__What to produce__
Please reproduce the data exactly, though every picture must stay out.
____ Data extract
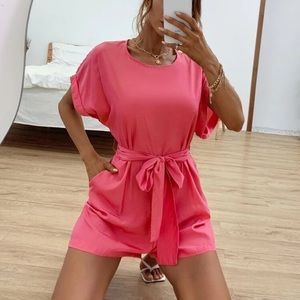 Batwing Sleeve Cut Out Back Belted Romper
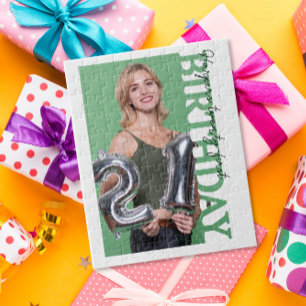 21st Birthday Photo college Party  Jigsaw Puzzle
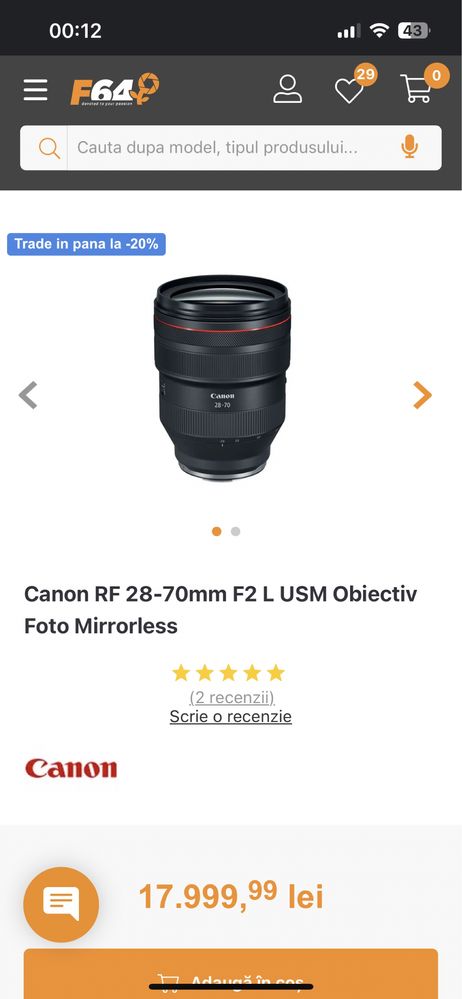 Obiectiv Canon RF 28-70mm F2 L USM Garantie!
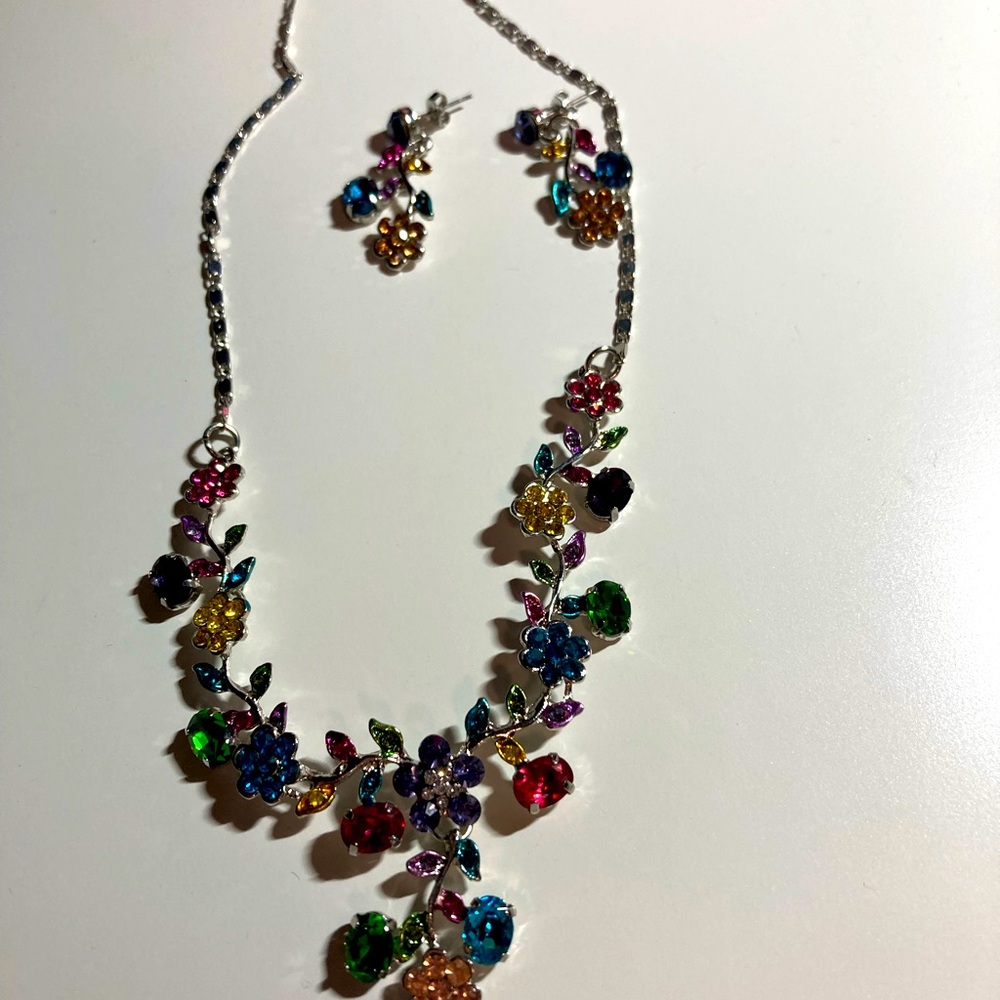 Silver and blue floral statement jewelry, necklace and earrings set, maximalist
________
__Reply to the exercise__
 Batwing Sleeve Cut Out Back Belted Romper
 21st Birthday Photo college Party  Jigsaw Puzzle
 Obiectiv Canon RF 28-70mm F2 L USM Garantie!
 Silver and blue floral statement jewelry, necklace and earrings set, maximalist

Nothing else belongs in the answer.